Digital Repository

Lewis, View of the Great Treaty Held at Prairie du Chien, September 1825

As early as 1803, Thomas Jefferson proposed a policy that later under Andrew Jackson would be called Indian removal. By the 1820s, warfare among American Indian nations was proving troublesome to the U.S. government as the country expanded westward. In 1825, Governor Lewis Cass of the Michigan Territory was commissioned to negotiate peace treaties among the Indians of the Great Lakes region. Between 1825 and 1827, Cass employed James Otto Lewis who made some 250 portraits and related camp sketches during the negotiations.
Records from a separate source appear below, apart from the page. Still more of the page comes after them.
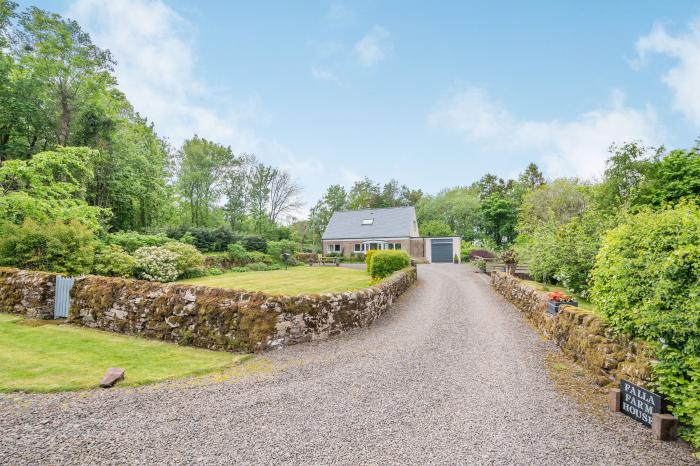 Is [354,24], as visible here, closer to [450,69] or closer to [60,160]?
[450,69]

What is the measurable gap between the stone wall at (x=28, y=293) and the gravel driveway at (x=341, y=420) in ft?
19.6

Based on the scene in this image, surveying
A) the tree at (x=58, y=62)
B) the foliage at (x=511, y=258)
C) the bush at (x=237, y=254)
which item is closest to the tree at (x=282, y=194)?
the bush at (x=237, y=254)

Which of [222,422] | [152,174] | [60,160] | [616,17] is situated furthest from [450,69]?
[152,174]

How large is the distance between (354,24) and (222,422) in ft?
60.5

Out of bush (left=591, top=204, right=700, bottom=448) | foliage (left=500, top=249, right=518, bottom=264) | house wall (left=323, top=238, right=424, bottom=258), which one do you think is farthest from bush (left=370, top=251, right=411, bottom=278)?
house wall (left=323, top=238, right=424, bottom=258)

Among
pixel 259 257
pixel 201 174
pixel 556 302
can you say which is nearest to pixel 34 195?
pixel 259 257

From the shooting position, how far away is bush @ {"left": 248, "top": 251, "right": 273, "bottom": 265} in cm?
2742

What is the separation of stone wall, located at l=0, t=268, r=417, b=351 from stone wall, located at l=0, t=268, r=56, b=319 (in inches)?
1.2

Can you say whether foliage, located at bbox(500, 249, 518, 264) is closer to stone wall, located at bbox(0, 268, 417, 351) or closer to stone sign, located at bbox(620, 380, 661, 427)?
stone wall, located at bbox(0, 268, 417, 351)

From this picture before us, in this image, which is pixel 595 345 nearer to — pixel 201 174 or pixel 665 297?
pixel 665 297

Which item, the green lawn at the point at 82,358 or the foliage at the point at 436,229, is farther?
the foliage at the point at 436,229

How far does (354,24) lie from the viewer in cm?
1658

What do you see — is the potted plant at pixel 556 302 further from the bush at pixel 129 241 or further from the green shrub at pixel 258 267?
the bush at pixel 129 241

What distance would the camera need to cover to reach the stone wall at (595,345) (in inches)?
182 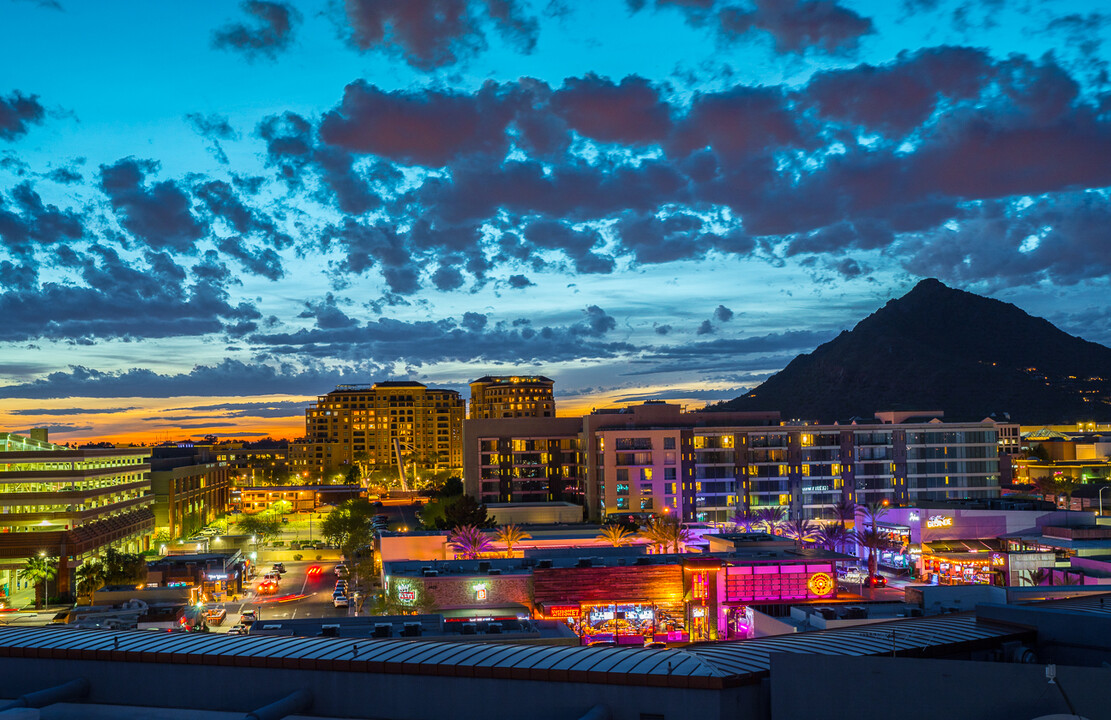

At a time when attitudes toward American Indians were generally hostile, Lewis showed compassion for the tribes’ leaders through his sensitive portrayals.

James Otto Lewis, View of the Great Treaty Held at Prairie du Chien, September 1825, at which upwards of 5000 Indian Warriors of the Chippewa, Sioux, Sacs and Foxes, Winnebago, Potawatomi, Menominee, Ioway, and Ottowa tribes were present. Governor Lewis Cass of Michigan and William Clark of Missouri, Commissioners. Painted on the spot.  From The Aboriginal Port-Folio. Lithograph with applied watercolor, 1965.10.1, Amon Carter Museum of American Art, Fort Worth, Texas.